3. Reduced AC Lifespan
When dirt is in the outdoor unit, it can damage the condenser coil fins, the fan blades, or the motor.
Dirty condenser coils also prevent heat loss, which can cause the compressor to overheat. This can lead to a blown fuse and the system shutting down or short cycling.
4. Unusual Noise From the AC
A dirty outdoor unit can be why your AC makes loud noises non-stop. When twigs, leaves, and gravel get stuck in the outdoor unit, they’ll constantly hit the different parts causing noise and damage.
How To Clean Your AC Outdoor Unit
According to Energy.Gov, it is best to schedule annual air conditioner maintenance, including cleaning the condenser unit.
It is best to do the cleaning in spring before the first use of the AC in summer. While many AC models exist, the basic concepts of cleaning an AC are the same.
Consider the following steps when cleaning your air conditioner’s outdoor unit:
1. Gather the Necessary Cleaning Supplies
For this project, you’ll need the following tools and materials:
- 2 Cans foaming A/C condenser coil cleaner
- Fin repair comb
- Screwdriver/ cordless drill
- Shop vacuum
- Vacuum extension wand
- Nylon scrub brush
- Heavy gloves
- Garden hose and sprayer
- Water spray bottle
- A wet rag.
2. Cut Off the AC Power Supply
When cleaning your outdoor AC unit, cut off its power supply to avoid electrocution. This means flipping the circuit breaker switch assigned to the AC. Consider using a multimeter to confirm that no current flows through the unit.

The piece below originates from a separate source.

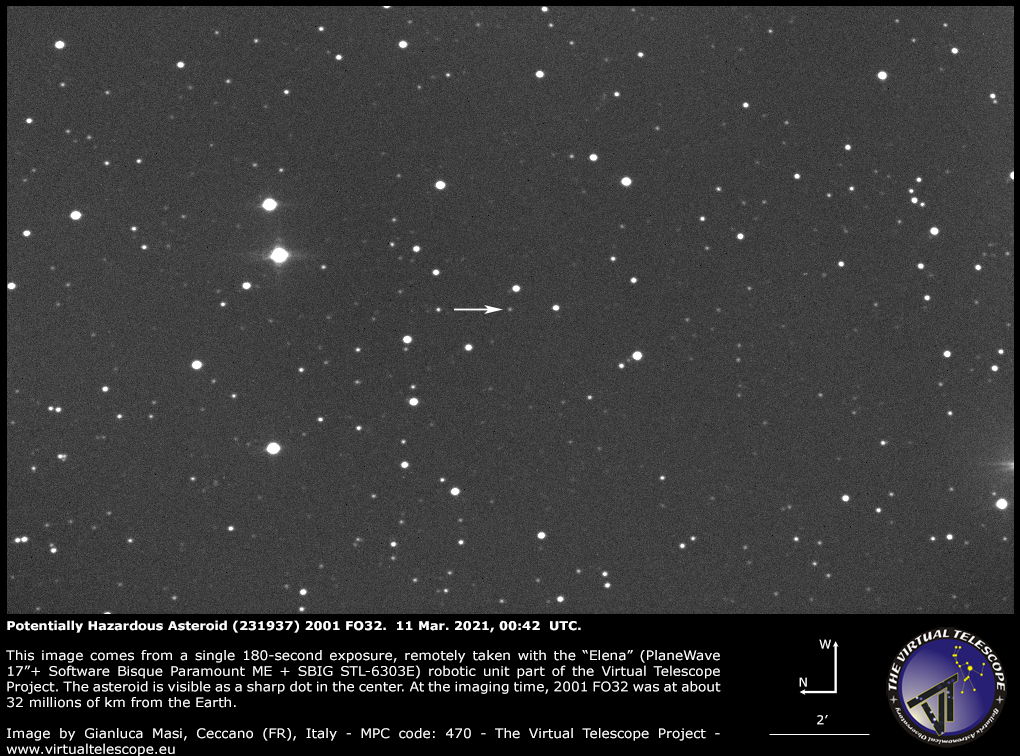 Potentially Hazardous Asteroid (231937) 2001 FO32: 11 Mar. 2021.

3. Remove Large Debris Outside the Unit
The next step is to remove the debris that has built up on the outer surface of the condenser unit. This could be leaves, twigs, or cobwebs.

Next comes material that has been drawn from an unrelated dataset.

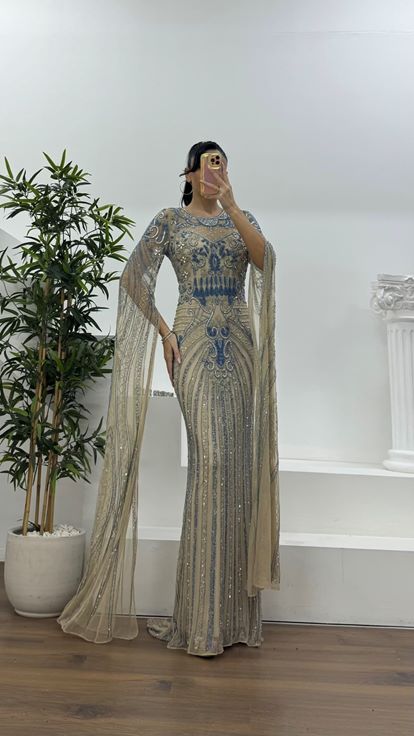 Krem-Mavi Uzun Pelerin Kol Yoğun İşlemeli Abiye Elbise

4. Remove the Top and Side Panels
Grab your cordless drill or screwdriver and remove the screws that hold the top and side panels in place. It is best to have a container where you can put the screws to avoid losing them.
Also, avoid damaging the condenser coil fins when removing the panels. It would help to put the panels in order of how you remove them so you can remember where to put them when reassembling.
5. Evaluate the Inside of the Unit
With the protective panels out of the way, you can now inspect the condition of the condenser cabinet.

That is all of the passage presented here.